Interesse an Europa? Scheiß egal.

Dabei schien in jüngerer Vergangenheit – auch durch die Bewegung Pulse of Europe – der Europäische Gedanke wieder viel besser zu Gedeihen. Für viele Menschen aus meiner Generation ist Europa Teil der Lebensrealität. Und das meint nicht nur Reisefreiheit. Die Wahlbeteiligung bei den EU-Wahlen ist 2019 zum ersten Mal seit 1979 wieder angestiegen und auf dem höchsten Stand seit 1994. Das ist eine positive Entwicklung, auch wenn die Polarisierung und Radikalisierung der Debatte sicherlich auch ihren Beitrag dazu leistet. Nur droht die Politik diese im Grundsatz positive Entwicklung mit einer einzigen Personalie wieder einzureißen.

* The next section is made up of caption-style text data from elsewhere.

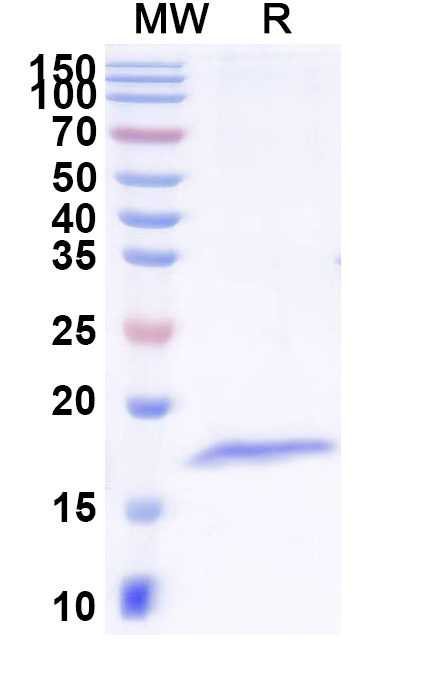 SDS-PAGE for Anti-Clostridium tetani tetX/Tetanus toxin VHH (SAA1236)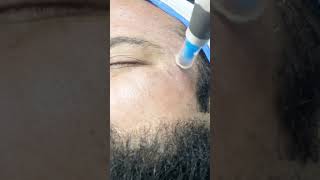 Dermapen Microneedling for acne scars  Dermalyn Aesthetics  Dr Muskan Tyagi [upl. by Braeunig207]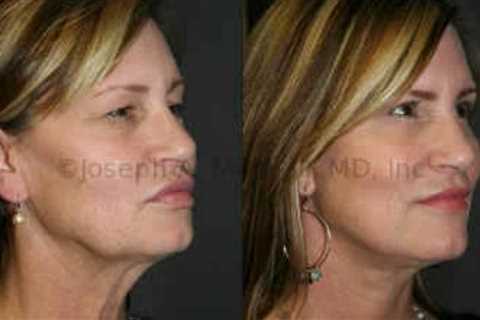 Facelifts and Eyelid Lifts in the San Francisco Bay Area (Rhytidectomy)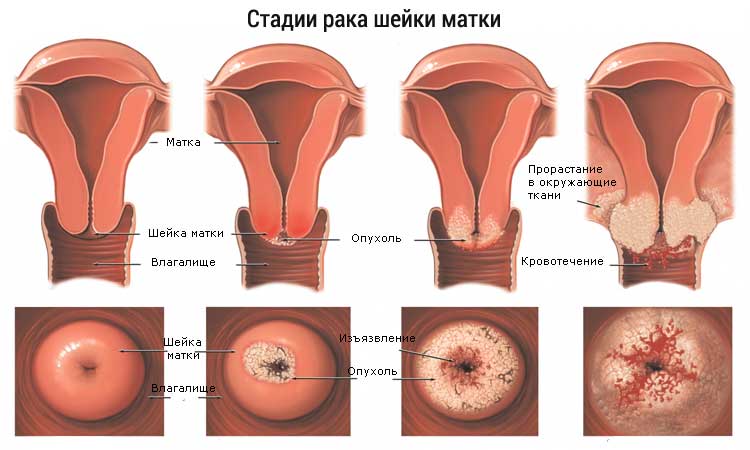 Эрозия шейки матки рак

Letztlich aber ist es einigermaßen egal, ob das Ergebnis [[im Hinterzimmer]] oder auf offener Bühne verhandelt wird. Entscheidend ist, wie das Ergebnis ausfällt. Und wenn die Wählerinnen und Wähler das Gefühl haben, man erzählt ihnen vor der Wahl, dass Elefanten gelb sind und nach der Wahl sind sie dann plötzlich grün, dann führt das nicht zu positiver Akzeptanz der Prozesse. Dass der grüne Elefant einen deutschen Passt hat, ist dabei völlig egal. Denn die Wählerinnen und Wähler bleiben frustriert zurück. Und das kann eine EU, die Großbritannien mit großer Wahrscheinlichkeit bereits verloren hat, absolut nicht gebrauchen.